2. `nexu-io/open-design` a local-first open replica of Anthropic's Claude Design, offering...
3. Its high Growth Score of 99.90 and an impressive 47,857 stars indicate that developers...Full report → https://pullrepo.com/report/todays-ai-agent-fastest-growing-projects-may-21-2026
-
-
-
-
-
-
CISA Exposes Sensitive Data in Unsecured GitHub Repository
A shocking security lapse was uncovered when a GitGuardian researcher stumbled upon a public GitHub repository containing 844 MB of sensitive production infrastructure material from a national agency, left exposed for a staggering six months.
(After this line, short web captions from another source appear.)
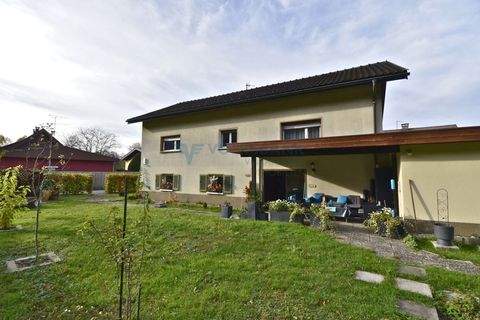 Hohenems Häuser, Hohenems Haus kaufen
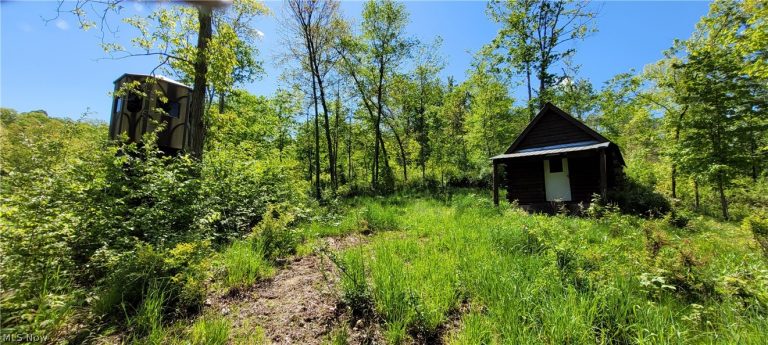 72577 Old Twenty-One Road, Kimbolton, OH - Photo 6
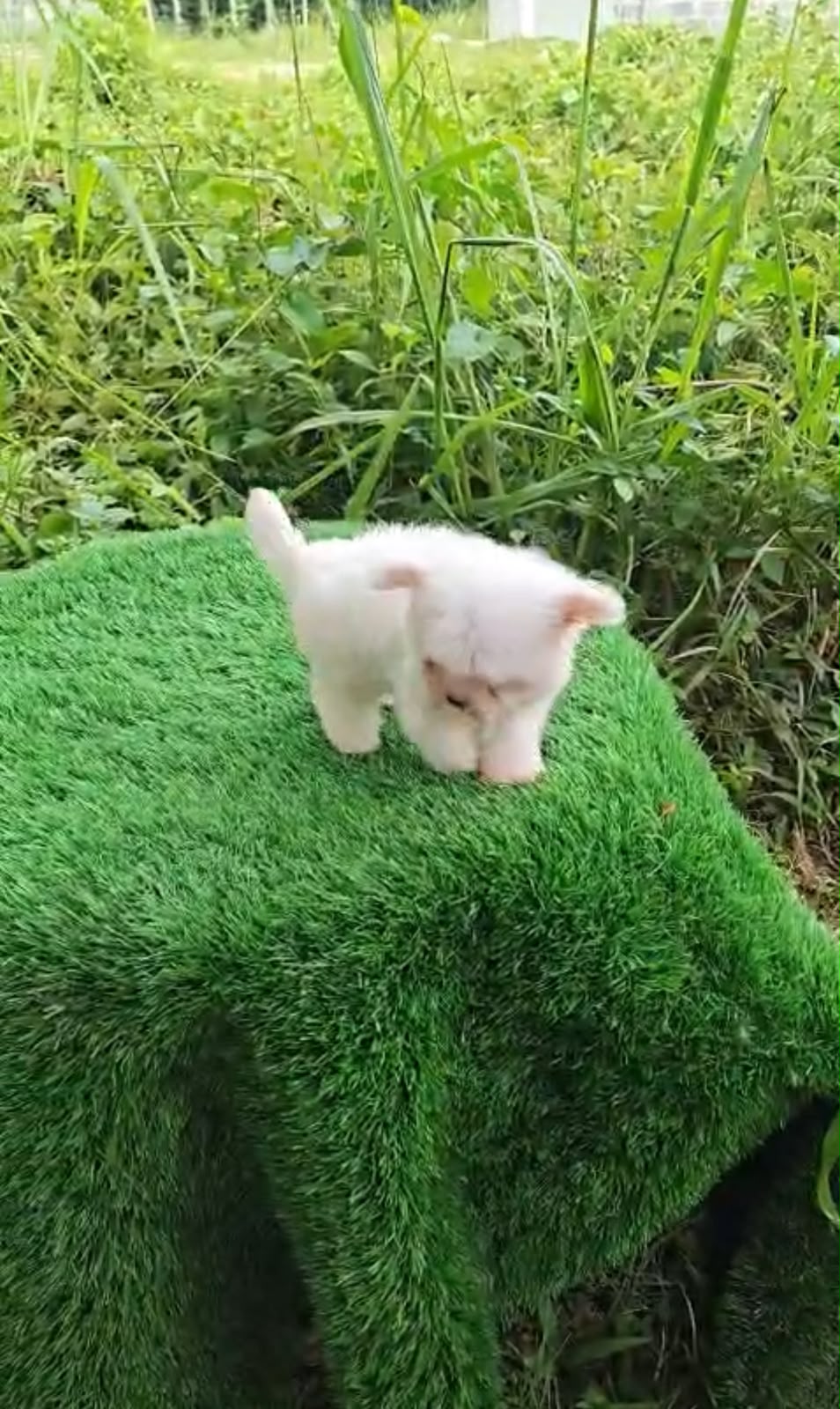 OFERTA CACHORRO MALTES HEMBRA EN SANTO DOMINGO Y VACUNADOS  Foto 7316847-2.jpg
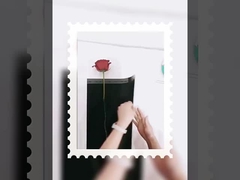 Nữ thần một bó hoa nhỏ bao bì minh bạch opp phim chống nước bọc giấy hoa diy mate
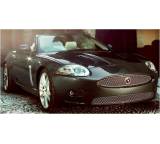 Auto im Test: XK Cabriolet 3.5 V8 Automatik (190 kW) [06] von Jaguar, Testberichte.de-Note: 1.8 Gut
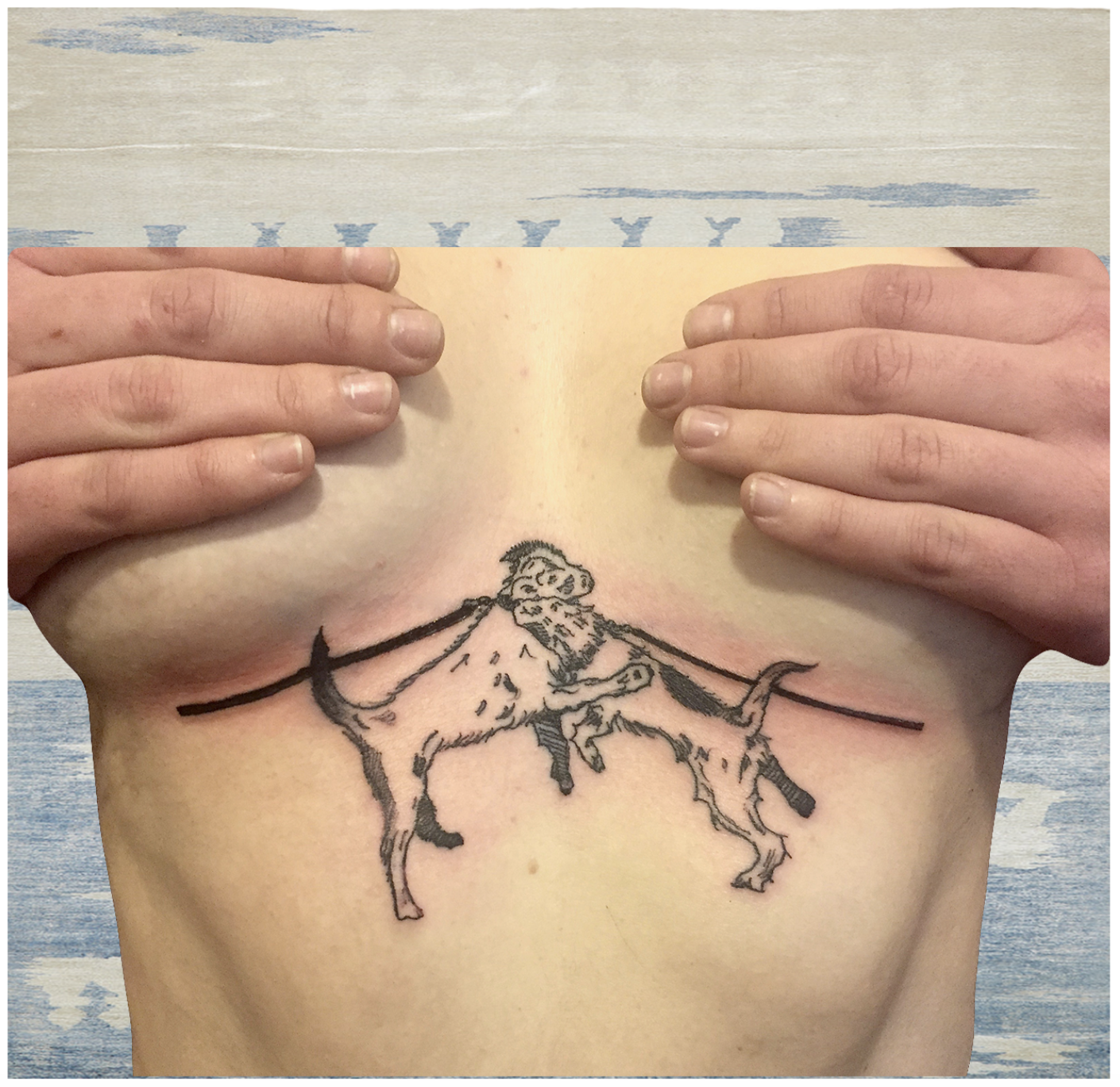chest,dogs.png
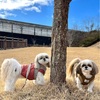 今年1番のお気に入りの公園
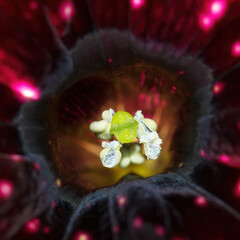 Night sky petunias plant centre in macro - stock photo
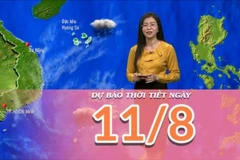[Video] Dự báo thời tiết ngày 11/8/2025: Trung Bộ mưa dông về chiều tối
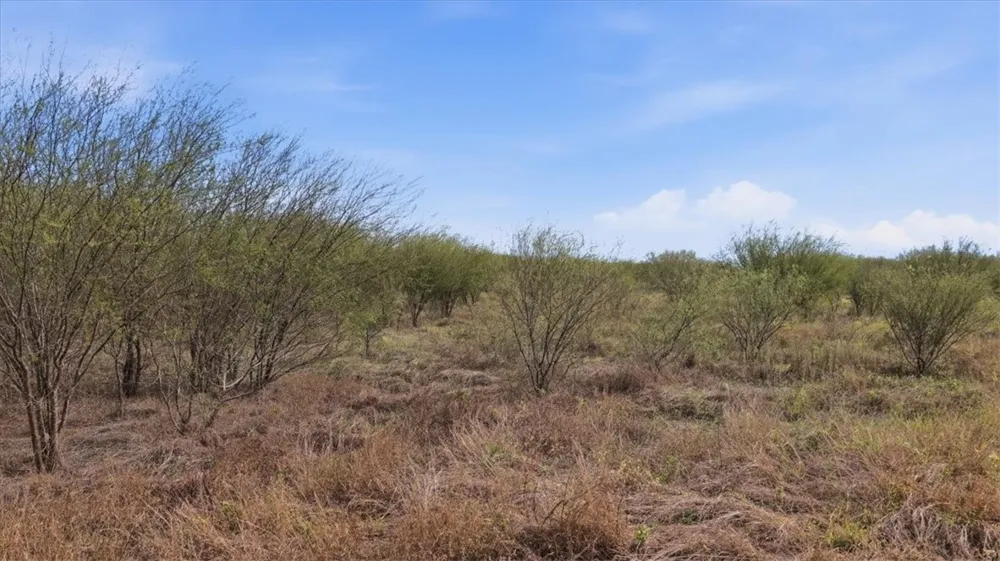 County Road 211 Alice, TX 78332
This alarming data leak highlights the gravity of unsecured data, with expert Guillaume Valadon…
#SensitiveDataLeak #Cisa #Github #UnsecuredRepository #EmergingThreats
-
Deep – CLI/REPL for generating and iterating on codebases using DeepSeek
-
Deep – CLI/REPL for generating and iterating on codebases using DeepSeek
-
Deep – CLI/REPL for generating and iterating on codebases using DeepSeek
-
Deep – CLI/REPL for generating and iterating on codebases using DeepSeek
-
Deep – CLI/REPL for generating and iterating on codebases using DeepSeek
-
Show HN: CPU-only transcription for YouTube, TikTok, X, Instagram videos
-
Show HN: CPU-only transcription for YouTube, TikTok, X, Instagram videos
-
Show HN: CPU-only transcription for YouTube, TikTok, X, Instagram videos
-
Show HN: CPU-only transcription for YouTube, TikTok, X, Instagram videos
-
Show HN: CPU-only transcription for YouTube, TikTok, X, Instagram videos
-
GitHub, the popular developer platform owned by Microsoft, confirmed it was hacked and attackers had stolen data from around 3,800 internal code repositories.
-
GitHub, the popular developer platform owned by Microsoft, confirmed it was hacked and attackers had stolen data from around 3,800 internal code repositories.
-
GitHub, the popular developer platform owned by Microsoft, confirmed it was hacked and attackers had stolen data from around 3,800 internal code repositories.
-
GitHub, the popular developer platform owned by Microsoft, confirmed it was hacked and attackers had stolen data from around 3,800 internal code repositories.
-
GitHub, the popular developer platform owned by Microsoft, confirmed it was hacked and attackers had stolen data from around 3,800 internal code repositories.